O sistema de som desta máquina é um caso à parte. Também incluído no chipset, está o sistema de som de alta definição, com até 7.1 canais (7 auto-falantes mais um canal para subwoofer). Tem detecção dinâmica da saída de som sendo utilizada (onde foi plugada a caixa de som), permite mais de um fluxo de som ao mesmo tempo, captura de som em alta definição. Enfim... um “Home Teather” ali, ao alcance das mãos e já incorporado à placa-mãe.
Foi interessante foi termos encontrado nesta máquina uma interface serial, pois em princípio o novo chipset “Granstdale” as aposentou em prol de um ganho de performance por não ter que gerenciar estes tipos de dispositivos que remontam ao IBM PC original de 20 anos atrás. Porém segundo o fabricante, o mercado é soberano e ainda quer por algum tempo este tipo de interface em seus computadores. Por isso alguns modelos de placa-mãe as implementam. Da mesma forma no ACCENT existem além dos inovadores slots PCI Express, alguns slots PCI tradicionais, pois nem todo fabricante de placas já migrou para esta nova tecnologia.
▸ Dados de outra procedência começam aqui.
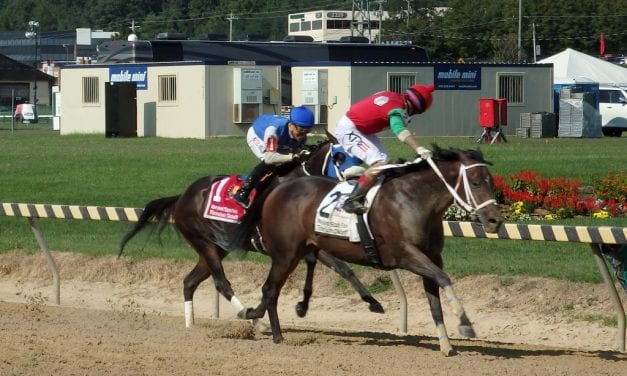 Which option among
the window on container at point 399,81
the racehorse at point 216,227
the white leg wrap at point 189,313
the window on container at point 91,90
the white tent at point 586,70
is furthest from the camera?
the white tent at point 586,70

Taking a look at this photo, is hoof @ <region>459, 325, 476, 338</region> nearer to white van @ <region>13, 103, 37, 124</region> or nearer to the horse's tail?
the horse's tail

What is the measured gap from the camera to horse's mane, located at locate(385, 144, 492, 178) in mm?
9977

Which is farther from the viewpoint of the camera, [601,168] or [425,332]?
[601,168]

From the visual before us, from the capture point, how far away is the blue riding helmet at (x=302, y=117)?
1195 cm

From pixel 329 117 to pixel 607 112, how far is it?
9528 millimetres

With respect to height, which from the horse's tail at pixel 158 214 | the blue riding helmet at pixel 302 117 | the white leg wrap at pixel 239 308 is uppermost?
the blue riding helmet at pixel 302 117

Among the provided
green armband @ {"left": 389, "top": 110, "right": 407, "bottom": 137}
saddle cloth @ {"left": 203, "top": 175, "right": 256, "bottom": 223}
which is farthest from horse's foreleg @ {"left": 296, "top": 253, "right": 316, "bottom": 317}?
green armband @ {"left": 389, "top": 110, "right": 407, "bottom": 137}

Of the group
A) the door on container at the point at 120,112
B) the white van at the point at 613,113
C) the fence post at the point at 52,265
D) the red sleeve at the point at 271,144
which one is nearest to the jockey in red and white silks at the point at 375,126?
the red sleeve at the point at 271,144

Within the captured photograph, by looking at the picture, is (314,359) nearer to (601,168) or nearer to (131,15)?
(601,168)

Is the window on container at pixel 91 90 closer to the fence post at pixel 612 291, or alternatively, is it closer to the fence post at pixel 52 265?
the fence post at pixel 52 265

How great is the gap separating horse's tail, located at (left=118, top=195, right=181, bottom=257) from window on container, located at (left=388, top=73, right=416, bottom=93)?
3124cm

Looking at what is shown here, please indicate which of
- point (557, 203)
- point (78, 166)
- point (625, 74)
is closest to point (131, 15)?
point (625, 74)

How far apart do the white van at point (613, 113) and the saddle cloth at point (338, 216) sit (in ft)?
115

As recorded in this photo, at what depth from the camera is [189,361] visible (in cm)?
975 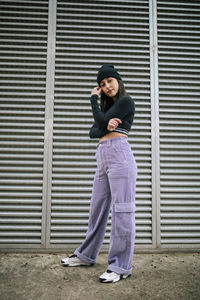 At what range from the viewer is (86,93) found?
10.5 feet

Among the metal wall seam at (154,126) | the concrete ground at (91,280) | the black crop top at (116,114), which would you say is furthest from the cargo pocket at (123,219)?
the metal wall seam at (154,126)

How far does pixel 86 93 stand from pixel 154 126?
1147 millimetres

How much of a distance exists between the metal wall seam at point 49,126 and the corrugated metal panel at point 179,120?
1.65 m

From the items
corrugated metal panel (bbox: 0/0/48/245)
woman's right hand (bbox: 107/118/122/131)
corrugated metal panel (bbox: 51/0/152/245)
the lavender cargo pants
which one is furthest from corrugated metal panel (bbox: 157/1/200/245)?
corrugated metal panel (bbox: 0/0/48/245)

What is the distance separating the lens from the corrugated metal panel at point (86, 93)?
9.95 ft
Podemos definir o ACCENT 3.60 Ghz, como um legítimo pioneiro do novo pacote de tecnologias disponibilizadas pela Intel e parceiros, visando o estabelecimento de uma nova plataforma e novos padrões técnicos. É um equipamento de performance excelente, denotando o progresso em cada uma de suas partes e do conjunto como um todo. Devem ser resolvidos os problemas da unidade “pré-série” para que se realize todo o seu potencial. É uma máquina de um momento de transição para este novo patamar e que por isso mesmo deve ser entendida como uma alternativa de alto desempenho e grande possibilidade de “escalabilidade”, pois o que veremos nos próximos meses e anos será o aparecimento de periféricos mais sofisticados, rápidos e acessórios compatíveis com esta nova plataforma.